__STORED DATA__:

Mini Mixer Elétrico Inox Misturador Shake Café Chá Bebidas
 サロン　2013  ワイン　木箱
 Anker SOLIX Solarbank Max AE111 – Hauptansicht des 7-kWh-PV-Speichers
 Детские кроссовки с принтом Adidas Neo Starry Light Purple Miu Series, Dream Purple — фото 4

__PROBLEM TO SOLVE__:
Copy the data exactly. Leave nothing out.

__EXERCISE RESULT__:
Mini Mixer Elétrico Inox Misturador Shake Café Chá Bebidas
 サロン　2013  ワイン　木箱
 Anker SOLIX Solarbank Max AE111 – Hauptansicht des 7-kWh-PV-Speichers
 Детские кроссовки с принтом Adidas Neo Starry Light Purple Miu Series, Dream Purple — фото 4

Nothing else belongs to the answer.